Konsequente Ausschaffung krimineller Ausländer 67.2%
Die grosse Zustimmung zur konsequenten Ausschaffung von kriminellen Ausländern zeigt, dass die Bürgerinnen und Bürger in unserem Land genug haben von den Ausländern, die sich nicht an unser Gastrecht halten. Dies gilt auch für die grosse Mehrheit von Ausländerinnen und Ausländern in unserem Land, die sich an unsere Regeln und Gesetze hält. Sie sind nicht länger bereit, sich wegen einigen kriminellen Ausländern rechtfertigen zu müssen und unter deren Taten zu leiden. Die SVP wird je nach Ausgang der Abstimmung vom 28. November weitere notwendige Schritte zur Umsetzung dieses Anliegens prüfen.

Konsequente Ausschaffung von illegal Anwesenden 63.9%
Es gibt immer mehr Sans Papiers in unserem Land. Dabei handelt es sich um illegale Aufenthalter. Wer Illegale toleriert, missachtet den Rechtsstaat. Die stetig verlangten und teilweise auch gewährten zusätzliche Rechte für Sans Papiers führen dazu, dass sich Einwanderer gar nicht mehr bei den Empfangsstellen oder kantonalen Fremdenpolizeibehörden anmelden.
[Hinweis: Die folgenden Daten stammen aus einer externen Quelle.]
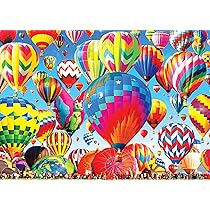 Amazon.com: RoseArt - Kodak Premium - Ballooning Fun - 3000 Piece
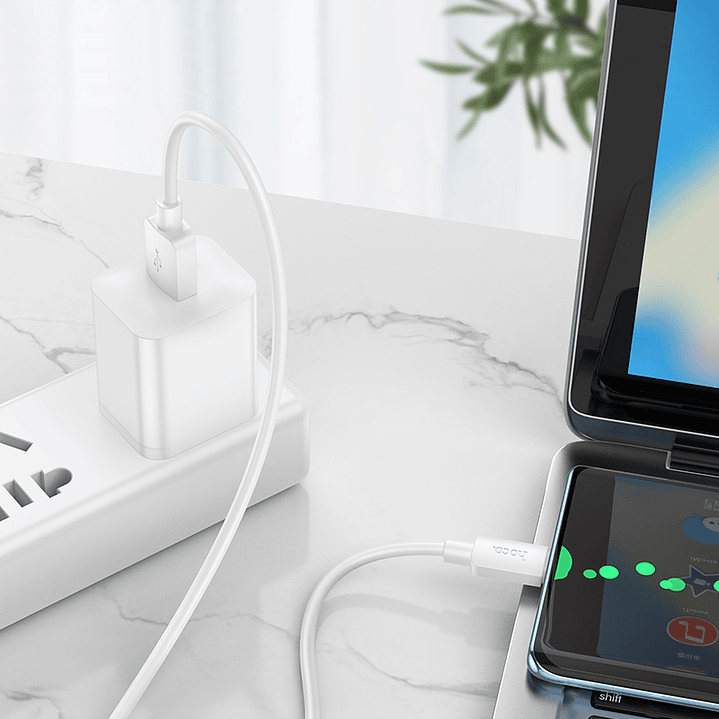 Cable Hoco X96 Hyper USB ATipo C 1m 27W Blanco 4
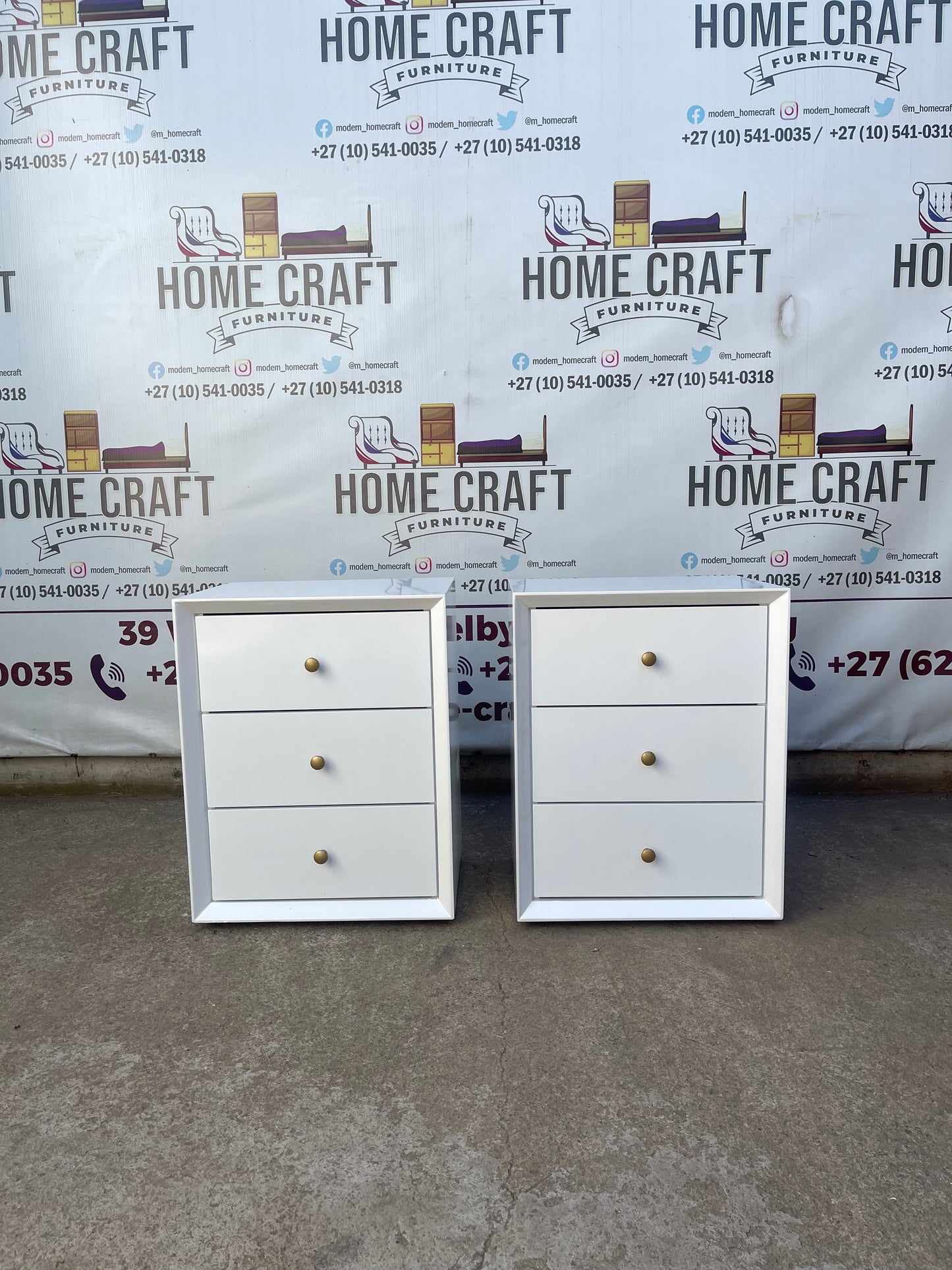 Face In- 3 Drawer Pedestals (Knob Handles)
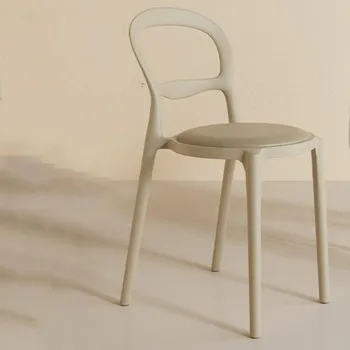 Virtuvės Prabanga Valgomojo Kėdės Plastiko, Ergonomiška Akcentas Valgomojo Kėdės, Ergonomiškas Miegamasis Sedie Pranzo Moderne Šiaurės Baldai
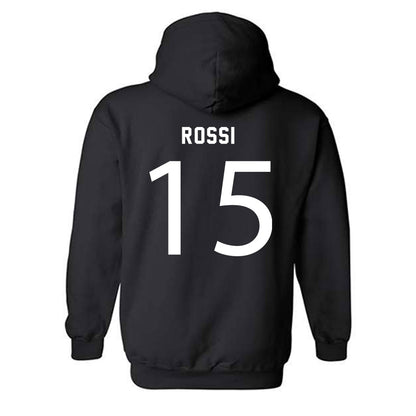 Loyola - NCAA Women's Soccer : Emily Rossi - Replica Shersey Hooded Sweatshirt-1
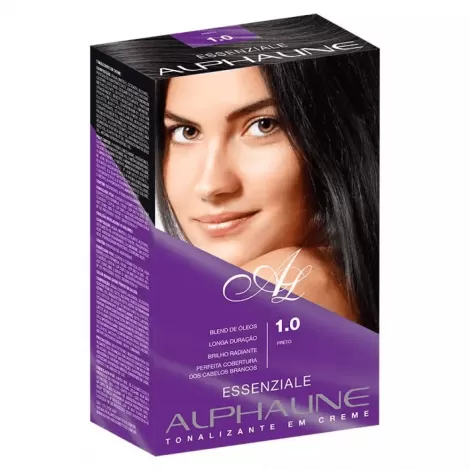 Alpha Line Tonalizante Essenziale 1.0 Preto 40ml hidratante antioxidante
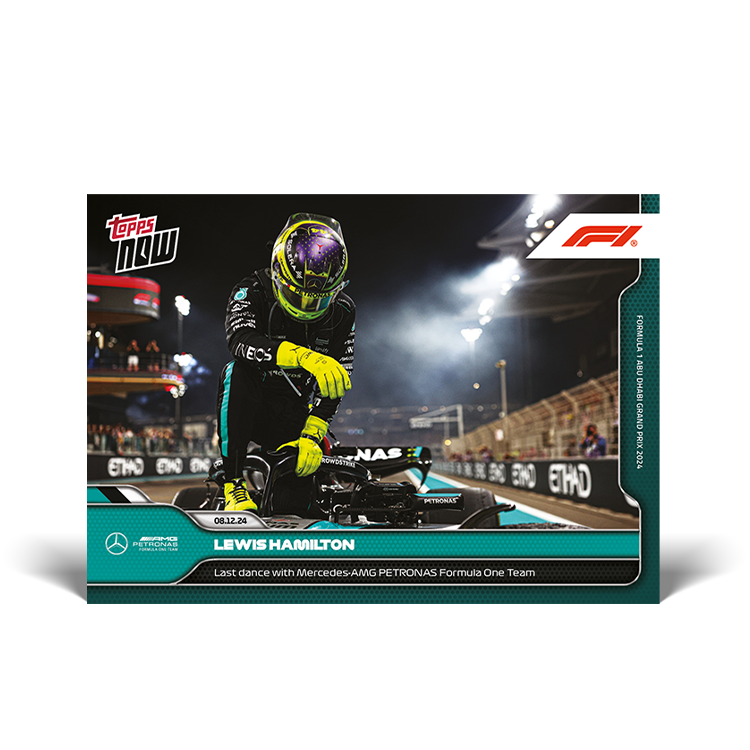 Lewis Hamilton 2024 Formula 1 Topps NOW last dance with Mercedes card 80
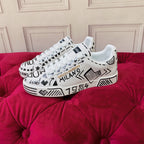 2026 Premium Leather Casual Sneakers - Designer Unisex Shoes in 2 White Styles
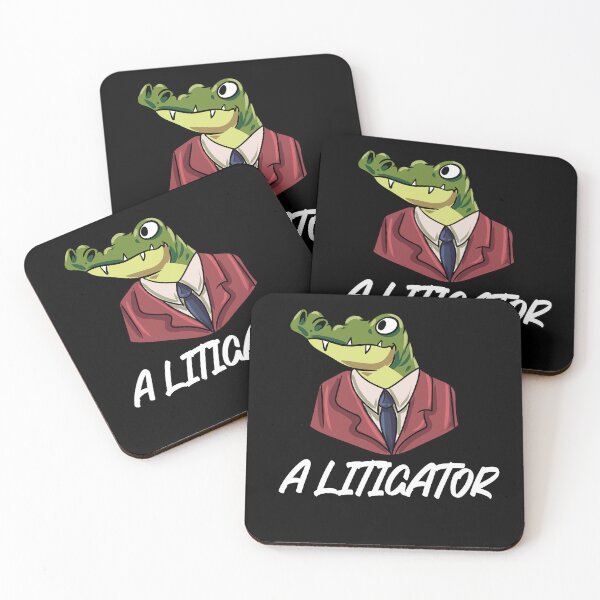Item preview, A Litigator Alligator Crocodile Lizard Reptile designed and sold by Pubi.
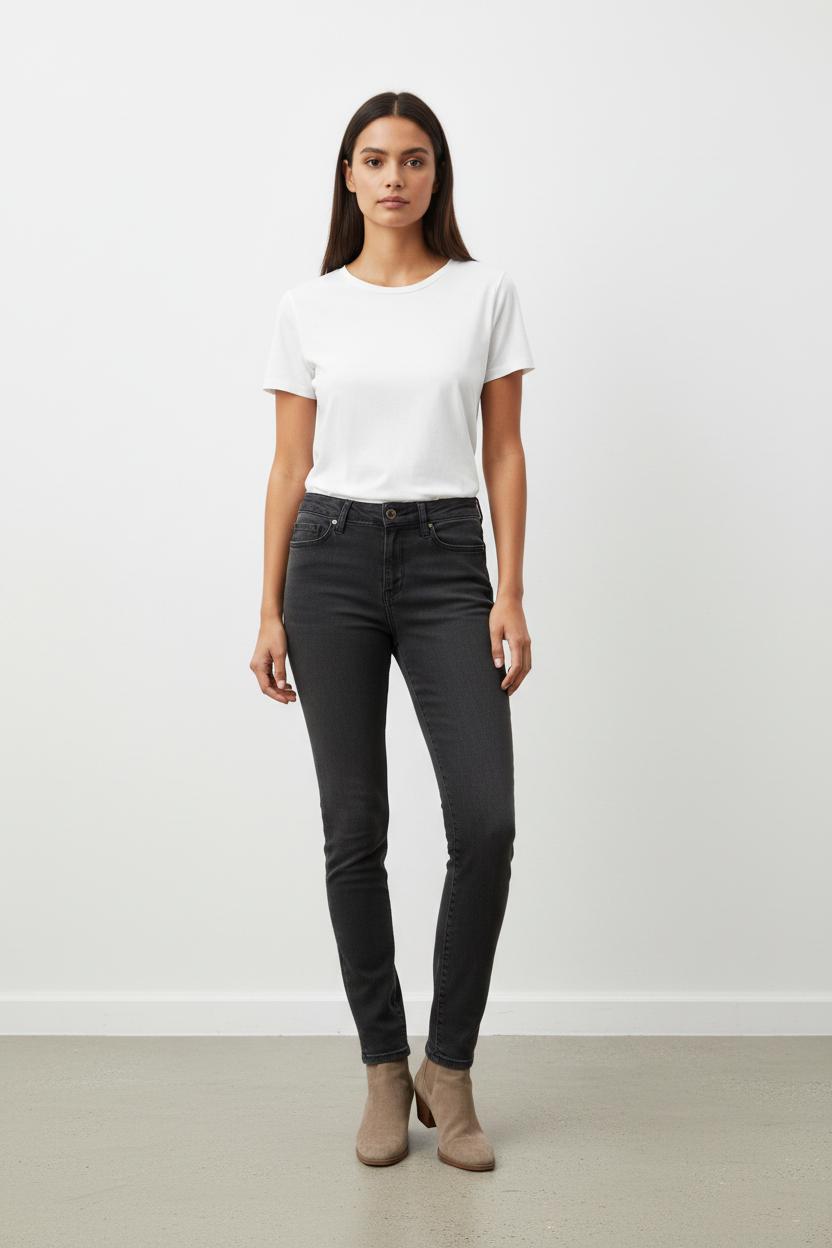 Jean gris foncé - Taille XS/34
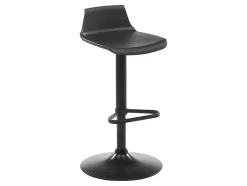 Set "Bar": Barmeubel Morena + 2 Barkrukken Calas - Zwart En Notenhout-Effect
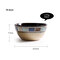 Ceramic Steak Pasta Plate Salad Bowl Cutlery Tray Mark Coffee Cup Reactive Glaze Dinnerware Set - #3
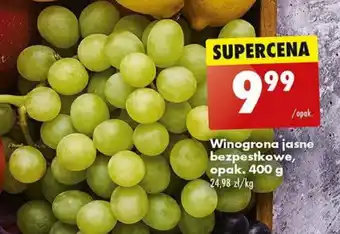 Biedronka Winogrona jasne bezpestkowe, opak. 400 g oferta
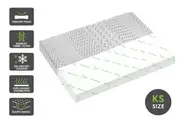 STARRY EUCALYPT 8cm Memory Foam Mattress Topper 7-Zone Graphite King Single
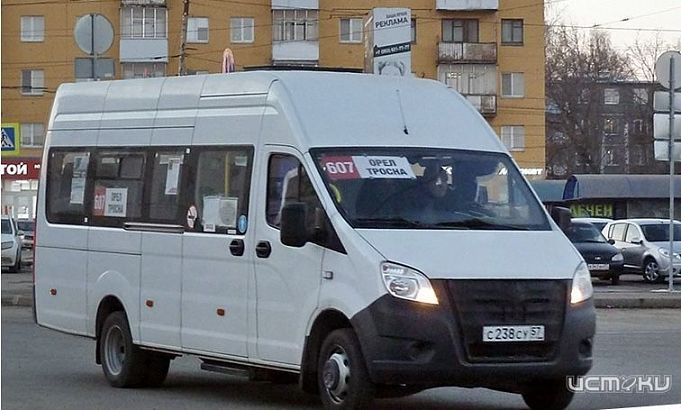 На маршруте «Орел – Тросна» введены дополнительные остановочные пункты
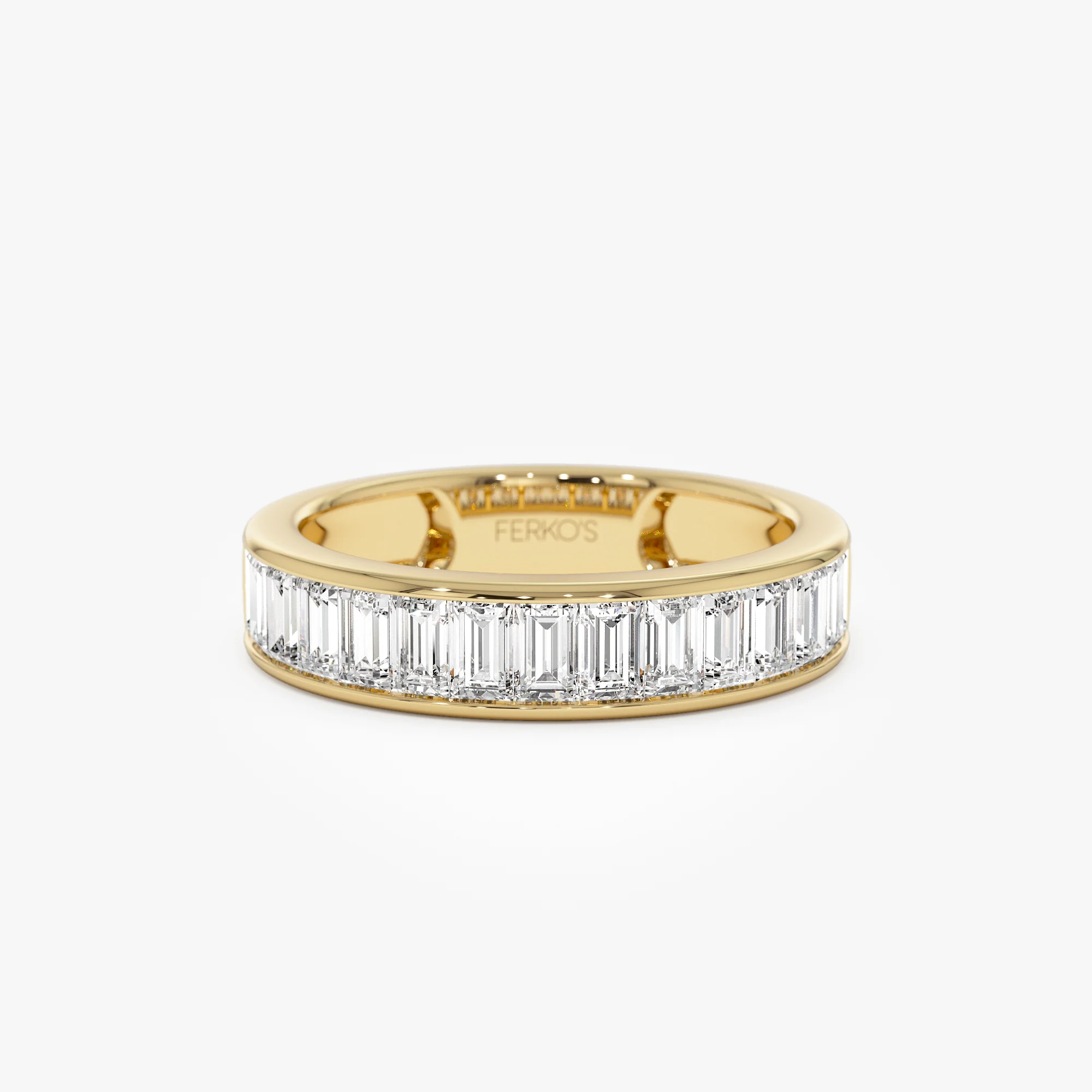 1.55 ctw 14k Channel Setting Baguette Lab Grown Diamond Anniversary Ring - Stella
Damit werden klar falsche Zeichen gesetzt und Anreize für den Aufenthalt in der Illegalität geschaffen, statt dass rasch über den Aufenthaltsstatus entschieden wird.

Einbürgerung auf Probe 63.8%
Immer wieder werden Ausländer eingebürgert, die kurz darauf straffällig werden, da sie sich aber auf ihr neues Bürgerrecht berufen können, können sie nicht mehr des Landes verwiesen werden. Es gilt zu prüfen, ob wie beim Fahrausweis auf Probe, auch das Bürgerrecht bspw. in den ersten fünf Jahren nur auf Probe vergeben und bei Straffälligkeit wieder entzogen werden kann. Solche Einbürgerungsmodelle werden bereits in verschiedenen europäischen Ländern (bspw. Niederlande, Frankreich, Österreich) geprüft oder gar eingeführt.

Loyalitätserklärung bei Einwanderung 63.6%
Einwanderungswillige Ausländer haben eine Erklärung zu unterzeichnen, wenn sie ins Land einreisen, dass sie sich an die hiesige Rechtsordnung halten, und ihnen bei einem Verstoss gegen diese Erklärung die Aufenthalts- und Niederlassungsbewilligung entzogen werden kann. Auch solche Einwanderungsverträge sind in Europa nichts Neues. 2006 hatten die sechs größten EU-Staaten Deutschland, Frankreich, Vereinigtes Königreich, Italien, Polen und Spanien vereinbart, vergleichbare Regelungen zu entwickeln. Frankreich hat die Verträge im gleichen Jahr als erstes Land eingeführt. In Österreich wurden sie nicht nur mit Neuzuwanderern abgeschlossen, sondern auch mit bereits im Land lebenden Migranten.

Entzug der Niederlassungsbewilligungen, bei langjähriger Sozialhilfeabhängigkeit 61.4%
Der Ausländeranteil bei den Arbeitslosen beträgt 43.2%, bei den IV-Rentnern 34.5% und bei den Sozialhilfebezügern 44.0%. Diese überdurchschnittlich hohe Rate ist einerseits durch gewisse Verdrängungseffekte auf dem Arbeitsmarkt aufgrund der Personenfreizügigkeit zu erklären, andererseits durch die Art und Weise, dass jemand, der bei uns die Niederlassungsbewilligung hat, sowieso nicht mehr ausgewiesen wird. Aus diesem Grunde sind auch in diesem Bereich weitere Handlungsmöglichkeiten zu prüfen.

Die parteiinterne Arbeitsgruppe ist jetzt gefordert, dass sie einerseits mögliche Initiativprojekte in diesen fünf Themen (bei der Ausschaffung ev. eine weitere) inklusive der allfälligen Umsetzbarkeit prüft. Des Weiteren wird sie die zusätzlichen Vorschläge der Teilnehmerinnen und Teilnehmer im Detail prüfen und sortieren. So wird sie im Anschluss daran dafür sorgen, dass die brauchbaren Massnahmen, die bisher nicht in die politische Diskussion eingeflossen sind, auf der richtigen Ebene, das heisst Bund, Kantone und Gemeinden, eingebracht werden. Nur so kann den berechtigten Anliegen zur Stärkung einer konsequenten Asyl- und Ausländerpolitik für mehr Sicherheit zum Durchbruch geholfen werden. Die mit der übermässigen Einwanderung verbundenen Probleme gilt es zu lösen, auch zum Wohle der hier ansässigen ausländischen Wohnbevölkerung, die arbeitet und sich integriert hat.